I suggested a chicken burger, made from lean grilled chicken mixed with pesto and parmesan cheese and served on baguettes. I also suggested grilling up a marinated firm fish such as tuna and serving it with julienned veggies in lettuce leaves. But the one that resonated most with my friends was the falafel burger, which was simply a standard homemade falafel mixture formed into large patties and grilled until cooked through.
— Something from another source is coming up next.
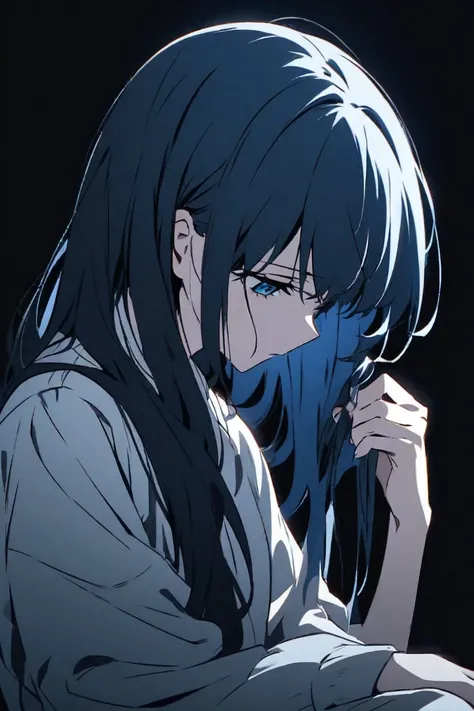  Make me the image of a seated person touching her hair with both hands. The character must have an anime style ,  with a dark blue background and a background that represents loneliness ,  artistic isolation and depression .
Expert Chef Falafel Burger
Falafel Burger

For those of you unfamiliar with the humble falafel, we’re talking about a patty of Middle Eastern descent made with a base of mashed chickpeas. Usually flavored with onion, cumin and parsley, it’s packed full of nutrition. Chickpeas are cholesterol free, low in sodium and they’re great sources of calcium, iron and soluble fiber. But its traditional cooking method–deep frying–means it’s more of a fritter than a burger, and the resulting fat content from the dip in the greasy fryolator isn’t the best choice on a healthy diet.

My experience has been that falafel comes out great with just a quick saute in a hot oiled pan, so I asked Guiding Stars’ team to rate the recipe and include the oil needed to get that crisp browned exterior. When I make falafel patties this way, I make them smaller and round, about the size of a golf ball, and move them around in the oil until they’re browned on all sides. Even with two tablespoons of vegetable oil for frying, this recipe still earns three Guiding Stars!

Chickpeas crisp up really well in the oven or on the grill, so if you want an even healthier cooking method, you’re still not going to sacrifice much of the texture or taste you’re expecting. If you’re a sucker for the super crumby outside of the fried falafel you might buy from a street cart in the city, you can always try dipping your formed patties into an egg wash and dredge them in panko bread crumbs before baking or sauteing. A modest spray of aerosol vegetable oil over the crumbs will make the falafel even crunchier and assist in browning. I wouldn’t recommend this little trick for the grill, however, because any crumbs that release from the patty may smolder or burn, imparting an off taste to your food. Just keep them plain, spraying or brushing with vegetable oil before throwing them on the grill.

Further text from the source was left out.